## Task goal
All records below are to be transcribed exactly, with every picture left out.

## Data for the task
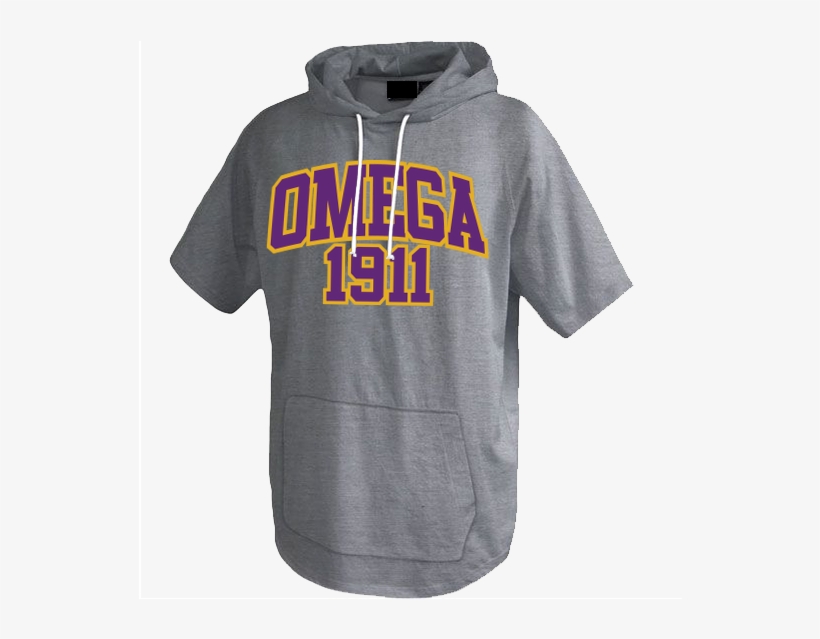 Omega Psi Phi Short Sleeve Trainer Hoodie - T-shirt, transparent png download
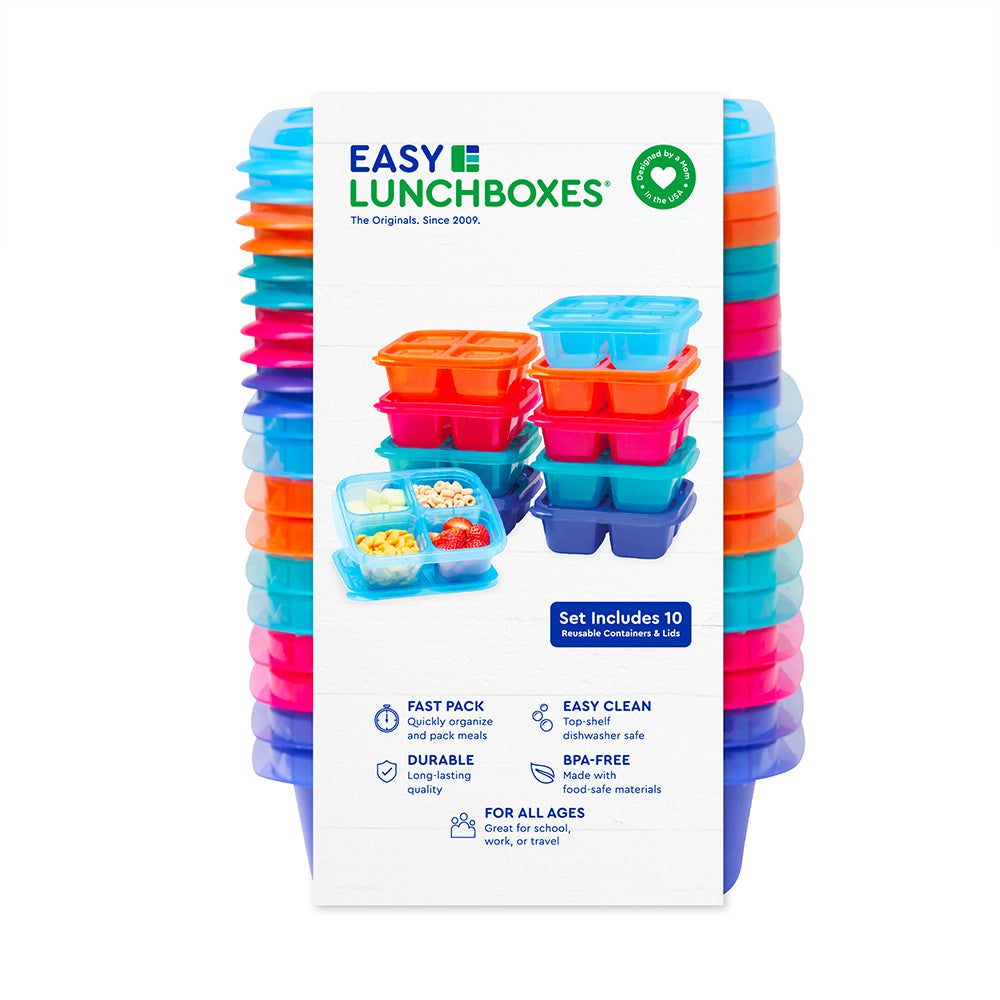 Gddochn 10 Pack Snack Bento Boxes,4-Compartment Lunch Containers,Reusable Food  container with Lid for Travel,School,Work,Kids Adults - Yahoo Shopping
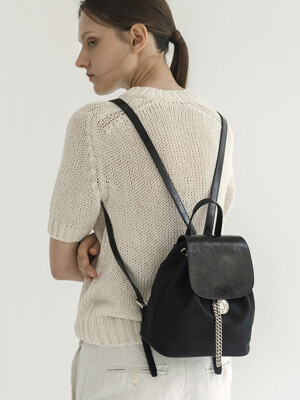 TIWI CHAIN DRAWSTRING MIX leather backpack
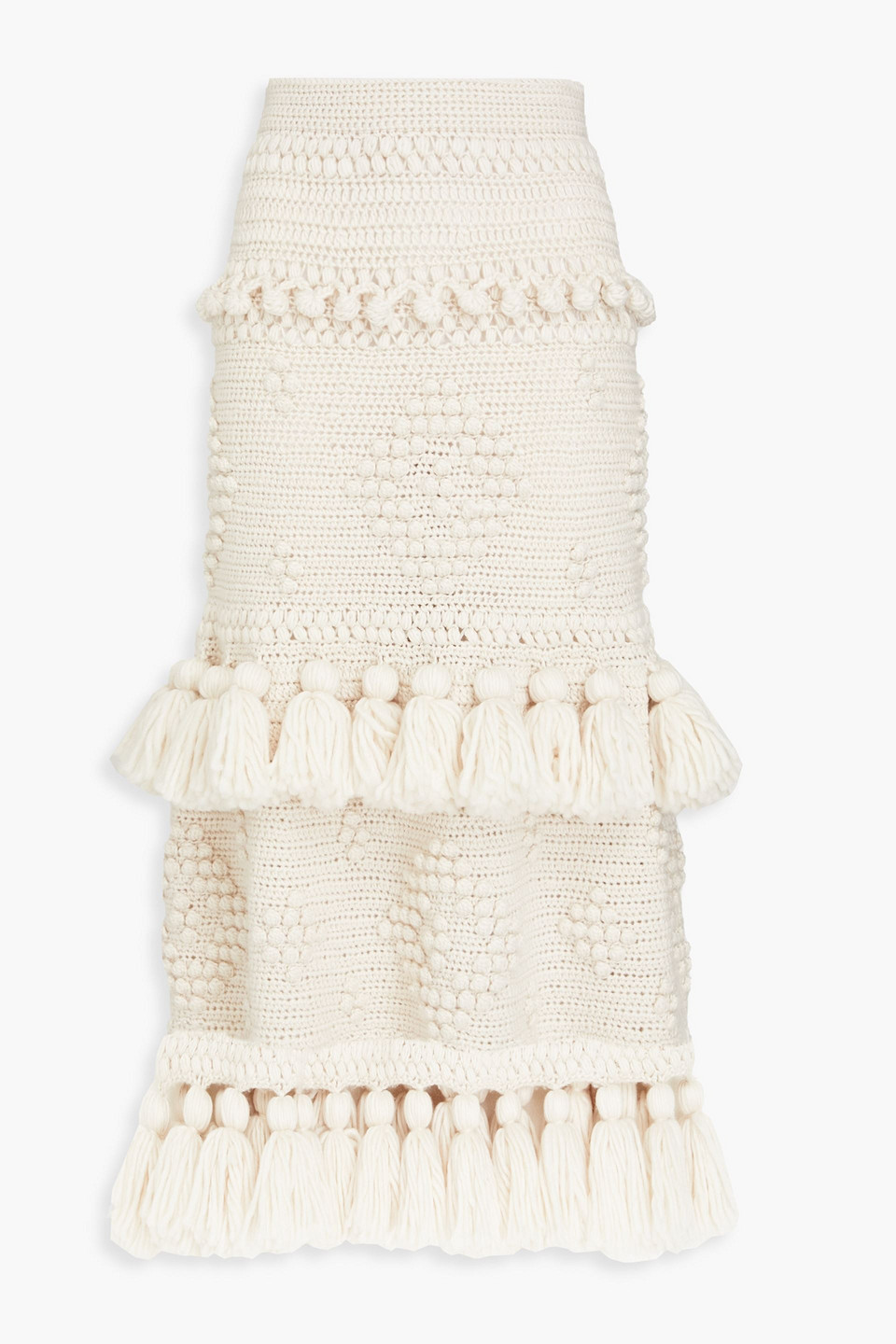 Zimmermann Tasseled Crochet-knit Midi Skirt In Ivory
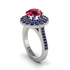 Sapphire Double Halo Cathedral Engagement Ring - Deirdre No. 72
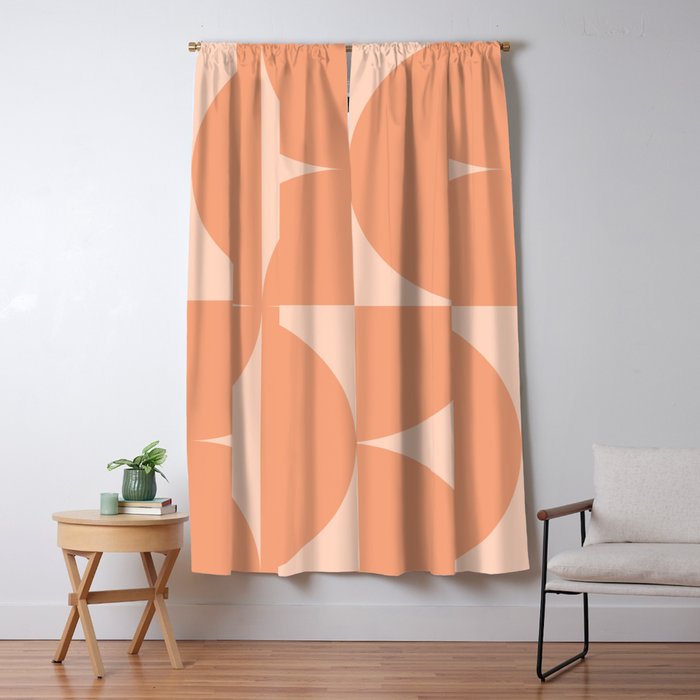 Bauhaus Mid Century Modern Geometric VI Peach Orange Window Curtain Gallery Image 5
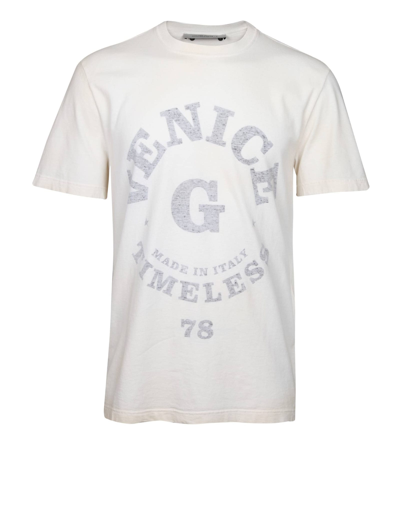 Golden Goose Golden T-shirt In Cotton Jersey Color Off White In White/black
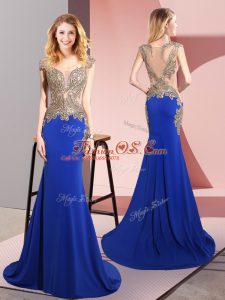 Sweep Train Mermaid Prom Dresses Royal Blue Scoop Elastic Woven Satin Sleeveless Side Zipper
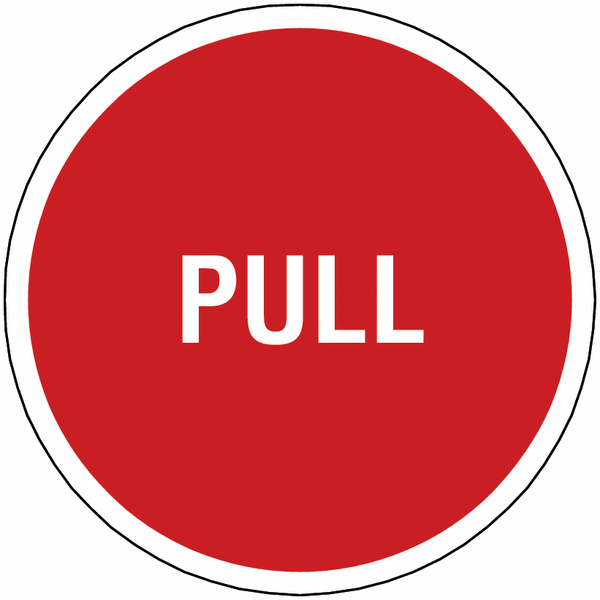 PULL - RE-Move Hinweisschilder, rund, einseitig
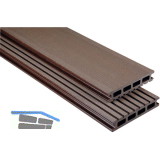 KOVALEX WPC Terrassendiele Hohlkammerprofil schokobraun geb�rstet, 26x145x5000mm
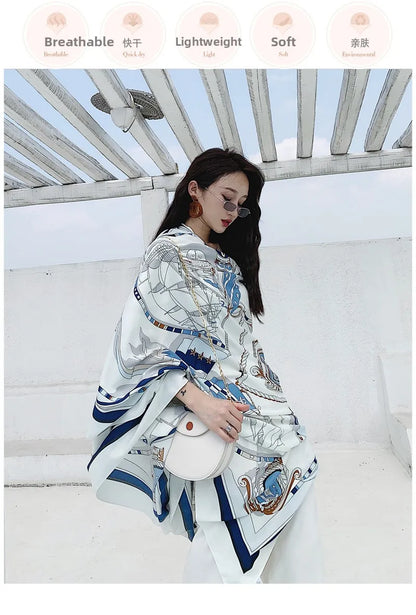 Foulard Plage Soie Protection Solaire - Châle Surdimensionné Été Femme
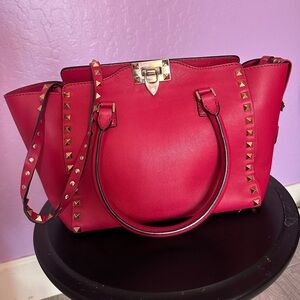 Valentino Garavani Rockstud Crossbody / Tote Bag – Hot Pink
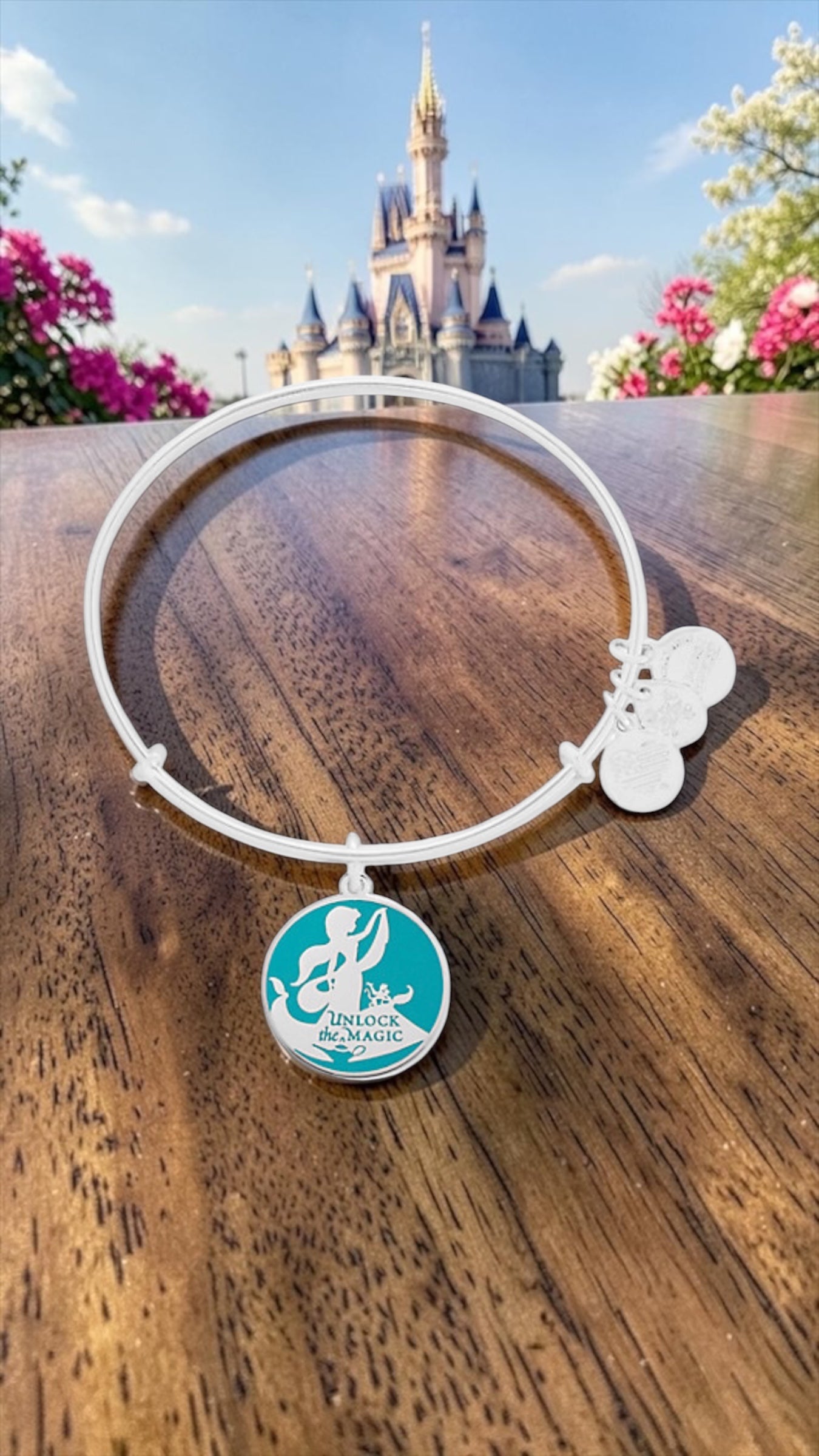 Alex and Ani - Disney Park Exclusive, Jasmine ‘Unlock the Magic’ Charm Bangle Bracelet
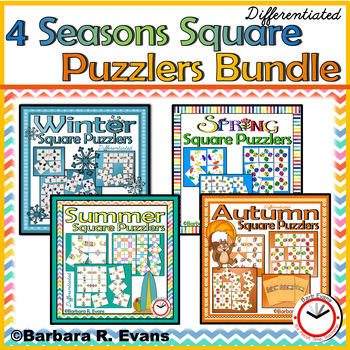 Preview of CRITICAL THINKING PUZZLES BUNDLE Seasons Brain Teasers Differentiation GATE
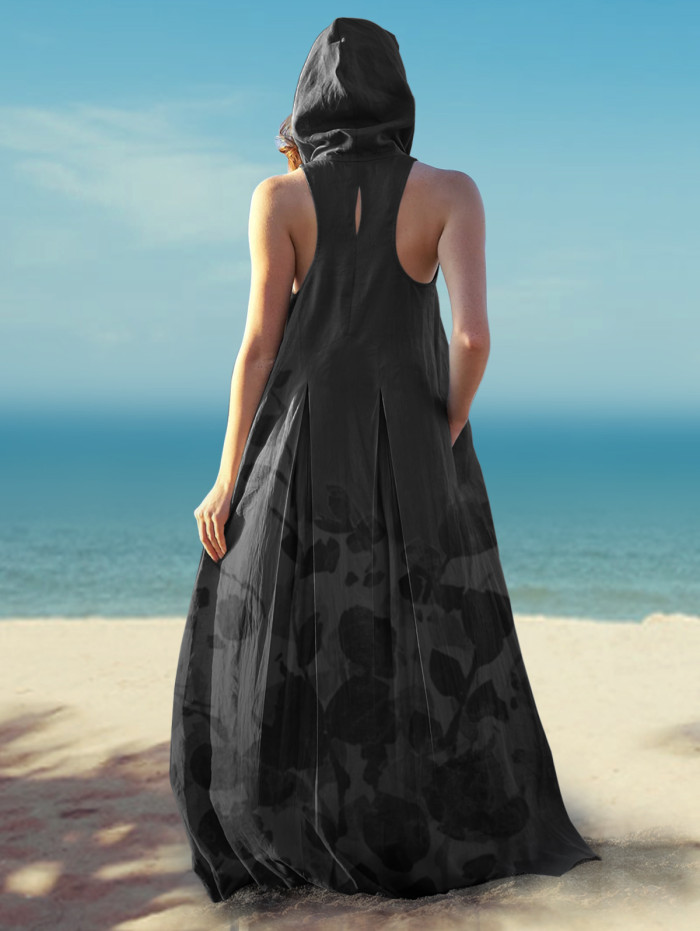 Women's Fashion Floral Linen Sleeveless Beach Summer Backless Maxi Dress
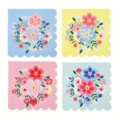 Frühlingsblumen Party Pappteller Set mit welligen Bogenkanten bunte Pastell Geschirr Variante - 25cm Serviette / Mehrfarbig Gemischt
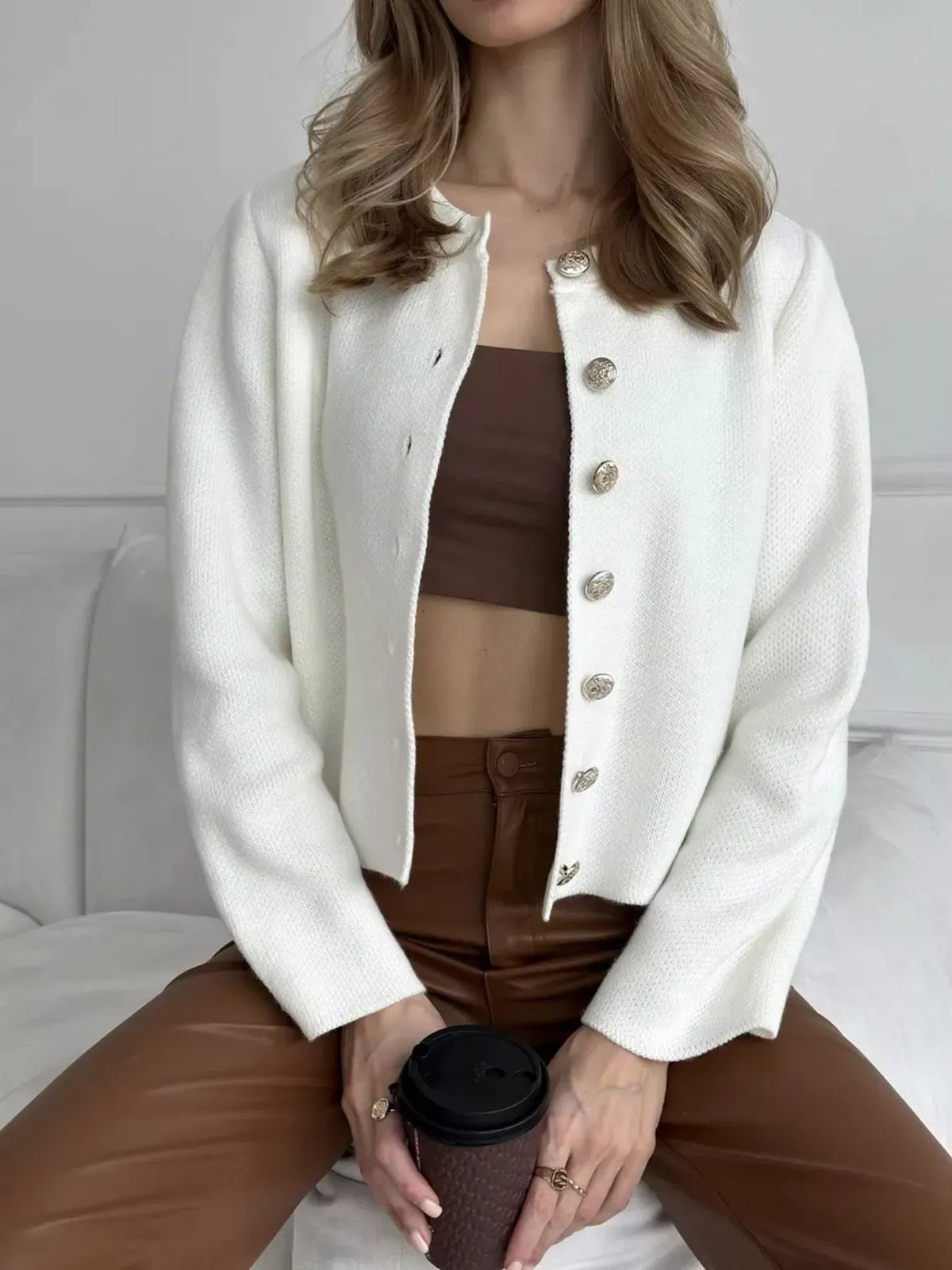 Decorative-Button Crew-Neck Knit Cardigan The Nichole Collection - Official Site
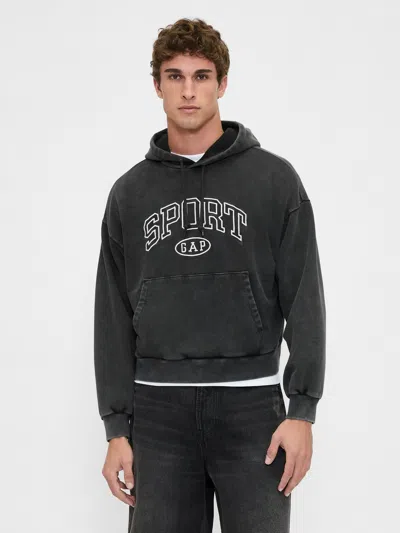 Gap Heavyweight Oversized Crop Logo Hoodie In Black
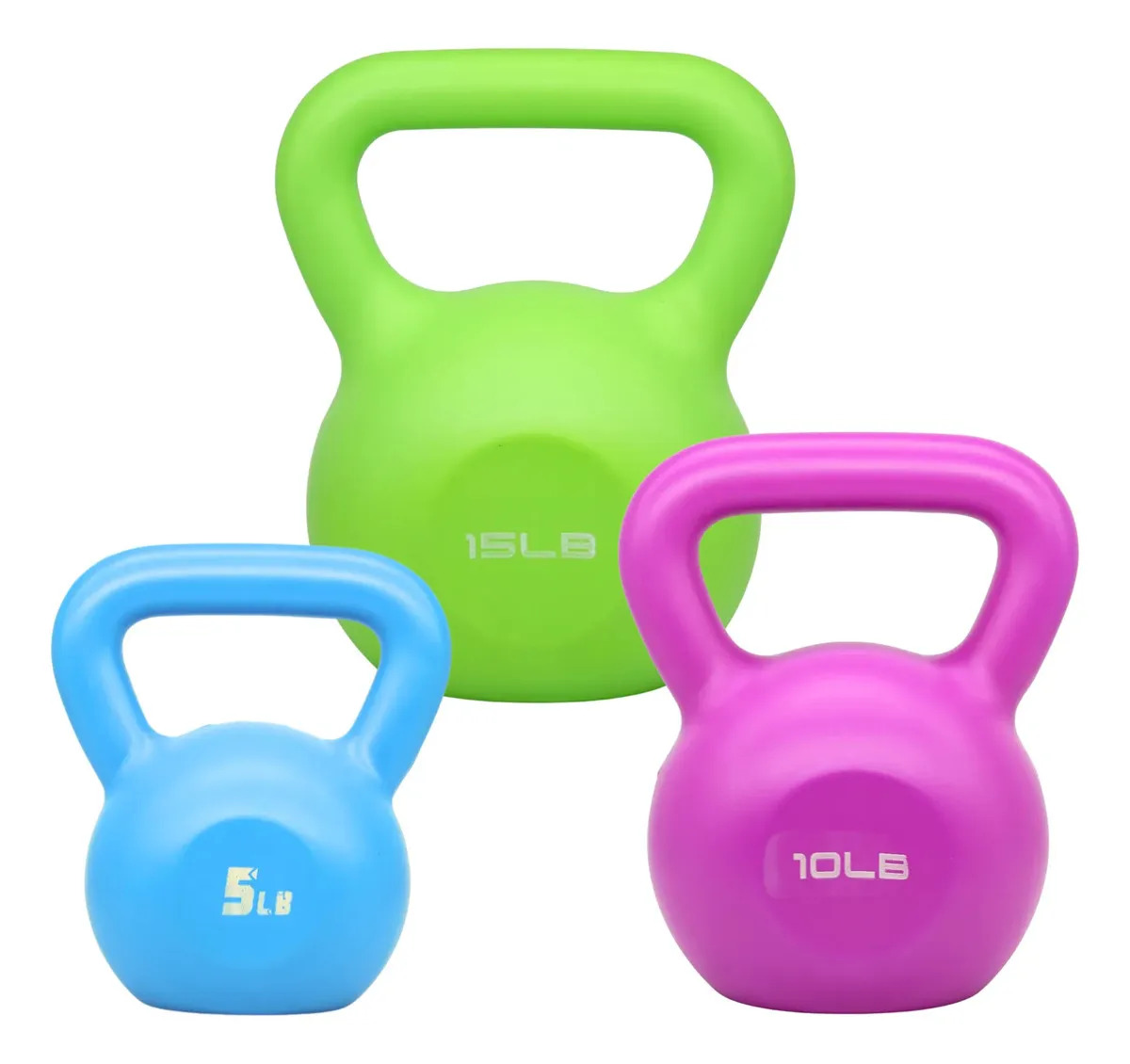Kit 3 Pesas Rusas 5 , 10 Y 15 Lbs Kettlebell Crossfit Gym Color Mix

## Answer to this problem
 Omega Psi Phi Short Sleeve Trainer Hoodie - T-shirt, transparent png download
 Gddochn 10 Pack Snack Bento Boxes,4-Compartment Lunch Containers,Reusable Food  container with Lid for Travel,School,Work,Kids Adults - Yahoo Shopping
 TIWI CHAIN DRAWSTRING MIX leather backpack
 Zimmermann Tasseled Crochet-knit Midi Skirt In Ivory
 Sapphire Double Halo Cathedral Engagement Ring - Deirdre No. 72
 Bauhaus Mid Century Modern Geometric VI Peach Orange Window Curtain Gallery Image 5
 Golden Goose Golden T-shirt In Cotton Jersey Color Off White In White/black
 Sweep Train Mermaid Prom Dresses Royal Blue Scoop Elastic Woven Satin Sleeveless Side Zipper
 PULL - RE-Move Hinweisschilder, rund, einseitig
 KOVALEX WPC Terrassendiele Hohlkammerprofil schokobraun geb�rstet, 26x145x5000mm
 Foulard Plage Soie Protection Solaire - Châle Surdimensionné Été Femme
 Valentino Garavani Rockstud Crossbody / Tote Bag – Hot Pink
 Alex and Ani - Disney Park Exclusive, Jasmine ‘Unlock the Magic’ Charm Bangle Bracelet
 Preview of CRITICAL THINKING PUZZLES BUNDLE Seasons Brain Teasers Differentiation GATE
 Women's Fashion Floral Linen Sleeveless Beach Summer Backless Maxi Dress
 Frühlingsblumen Party Pappteller Set mit welligen Bogenkanten bunte Pastell Geschirr Variante - 25cm Serviette / Mehrfarbig Gemischt
 Decorative-Button Crew-Neck Knit Cardigan The Nichole Collection - Official Site
 Gap Heavyweight Oversized Crop Logo Hoodie In Black
Kit 3 Pesas Rusas 5 , 10 Y 15 Lbs Kettlebell Crossfit Gym Color Mix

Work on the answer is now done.